During their negotiations, White said to Rourke, “I will see that you are taken care of and give you plenty of protection and I will go home with you evenings. I will guarantee you protection. We have a boarding house for you. I will be with you.” The boarding house was not running at the time, it was just a
Rourke, who did not come as a worker supplied by the National Foundry Association, was told by White “to go to the boarding house as that would be the best place for him ... in a large city with a strike on.”
• The night of May 21,1919, Rourke went to the boarding house and slept there unmolested. On the next morning he went from the rooming house to the company’s factory and as a moulder worked there until sometime between half past four and five o’clock in the afternoon. He then “dropped his tools, changed into street dress, rang in his time and left the factory, going out on the street with the [twelve] other men.” While on Thomas Street, a public highway in the city of Worcester, at a point above one hundred and fifty feet from the shop, a man assaulted Rourke by striking him in the face. White “was walking with the men at the time of the assault.”
White testified that “In the first place it was necessary that he be with the men on account of the bills at the restaurant, and then it was to his interest that none of the union pickets speak to the men; therefore he thought that his presence would prevent the union pickets from talking to the men.” He had before testified “that he went to the Capital Lunch with the men at night and in the morning, and at noon had the lunch sent in from the Capital Lunch.” •
He described the assault as follows: When they came out of the factory, there were twenty-five or thirty men on the opposite side of the street. He and the men were going to the boarding house.' As they started up the street, a man came across the street and started to talk with one of the men in front. He was in back of the line and he went up and told the man, whom he did
The Industrial Accident Board ruled that the “claimant’s employment was continuous from the time he left the boarding house furnished by the subscribers to go to the place where his work was actually to.be performed until his return to the same boarding house at night.” Shortly stated it ruled that the assault on the claimant was made in the course of his employment.
The Industrial Accident Board stated that, while it did not rule that the guarantee of protection imposes liability upon the insurer solely because of that guarantee, “it is evidence, taken in connection with the fact that the superintendent was actually escorting the employee and others from their place of employment to the boarding house furnished by the employer, and the additional fact that the assault occurred as a direct result of the superintendent’s talk with one of the group of pickets who committed the assault, that the employment was continuous and that the resulting injury arose out of and in the course of the claimant’s employment.”

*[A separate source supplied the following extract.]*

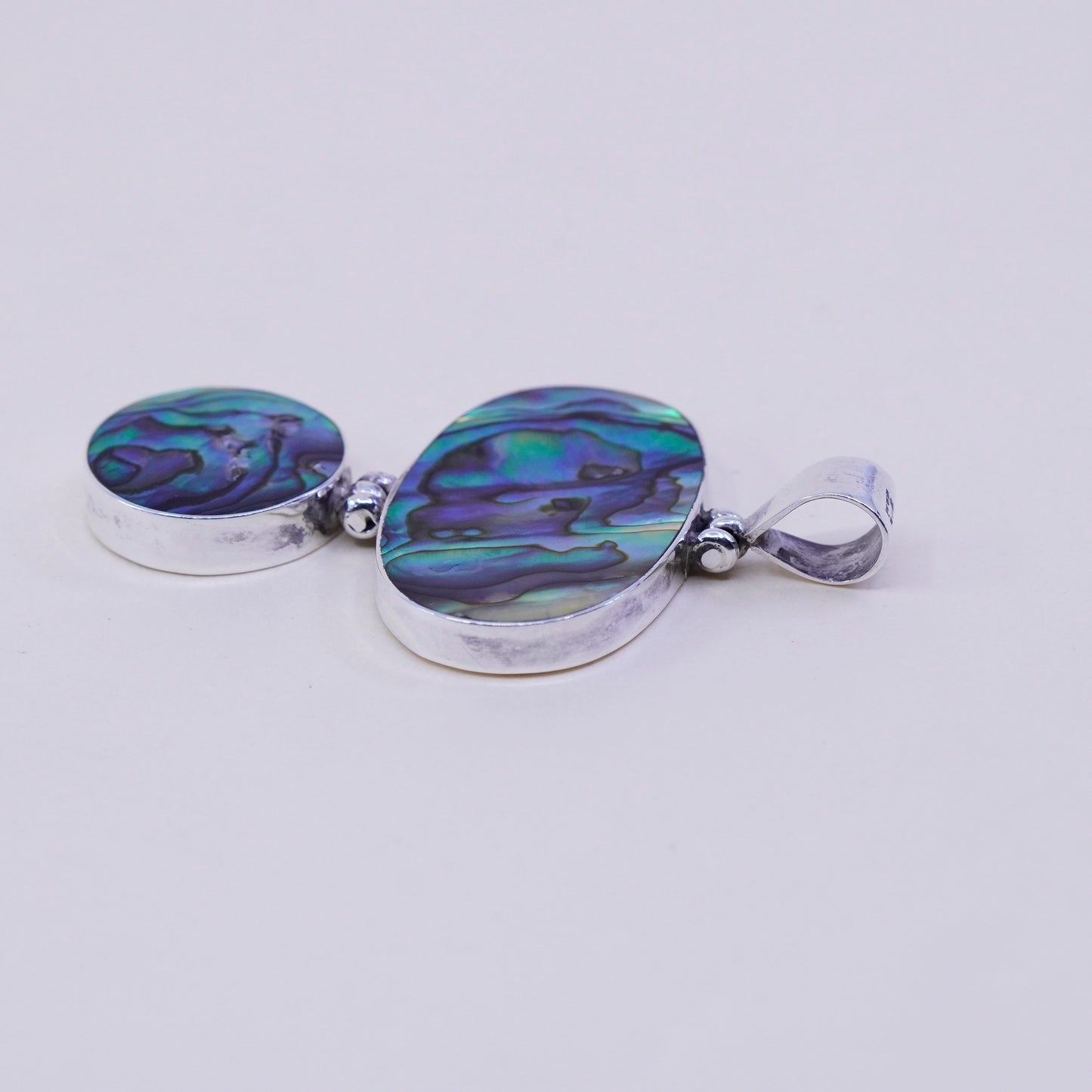Vintage sterling silver handmade pendant, mexico 925 with oval abalone inlay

We cannot agree with the reasoning or with the result arrived at by the board. Unless the incidents of employment be exceptional, the relation between a master and his servant is suspended when the servant leaves the place of his actual employment at the close of his day’s work to go to his home, and again becomes active when after the interval of rest the laborer puts himself in a position where he can do the work of his employment at the place where it is to be performed. Langley v. Boston Elevated Railway, 223 Mass. 492, 496.

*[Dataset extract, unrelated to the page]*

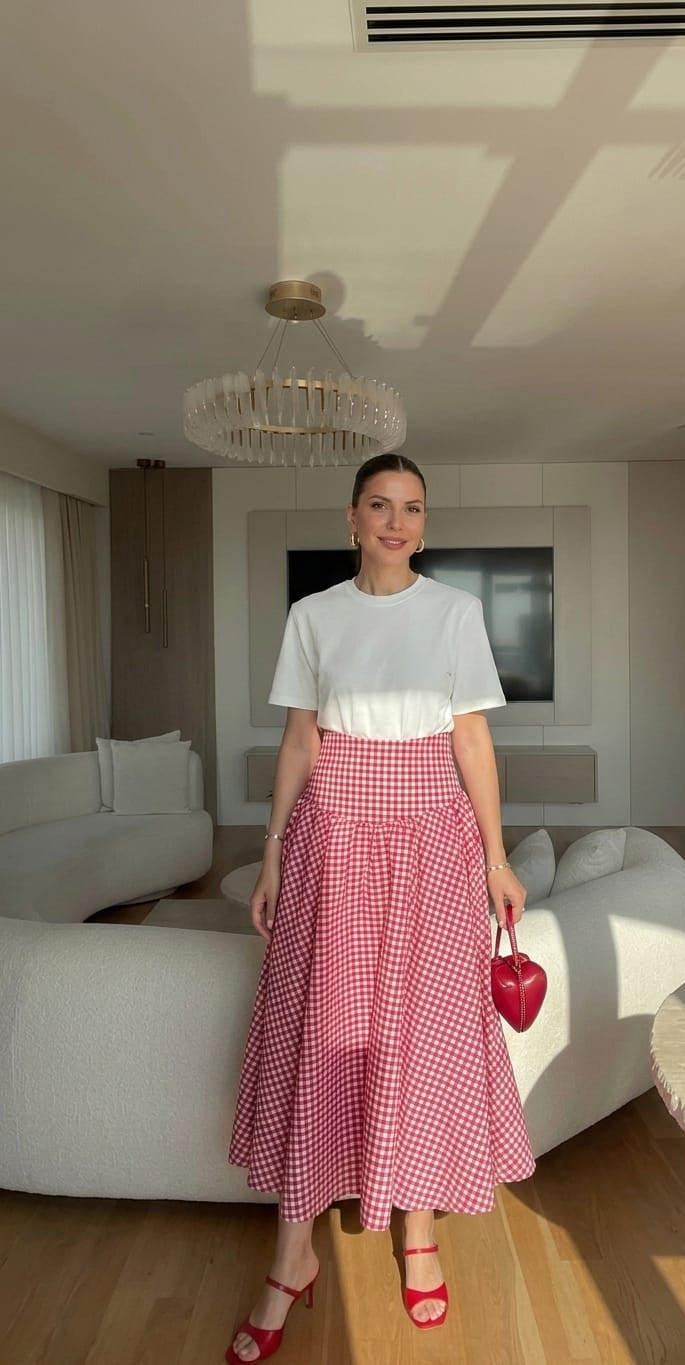 Rosé Check Midi Skirt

In the case at bar the day’s work of the claimant came to an end when he dropped his tools, rang in his time, left the place of his employment and entered upon the public highway. While not conclusive in the determination of the incidents of the employment, it is worthy of consideration that thereafter the employer under the contract of employment had no legal right to command the services of the claimant and he was under no duty of obedience thereto.

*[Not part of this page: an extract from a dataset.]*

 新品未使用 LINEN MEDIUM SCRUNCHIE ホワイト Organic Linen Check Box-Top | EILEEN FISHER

Without decision, we assume that the claimant under the terms of the employment had a contract to which he could look for compensation if harm should come to him because the company had failed to keep its agreement to provide protection and we further assume that the agreement covered all the time he remained an employee of the company whether the harm and injury resulted to him during his hours of employment or in the intervals of time which are allotted to rest and recreation. But we do not think the effect of the contract was to make the employment of the claimant continuous or that it made him as the result of the contract a servant of the company after his day’s work was done and he had left the place of his employment to go home. Poulton v. Kelsall, [1912] 2 K. B. 131.
It results that the decree must be reversed and a decree entered for the insurer.
Decree accordingly.
This was described by the witness White as “the National Foundry Association, which is an association controlled entirely by the members and one of the benefits of this association is to furnish necessary men in case of trouble.” ¿ The Holyoke Machine Company was a member of the association.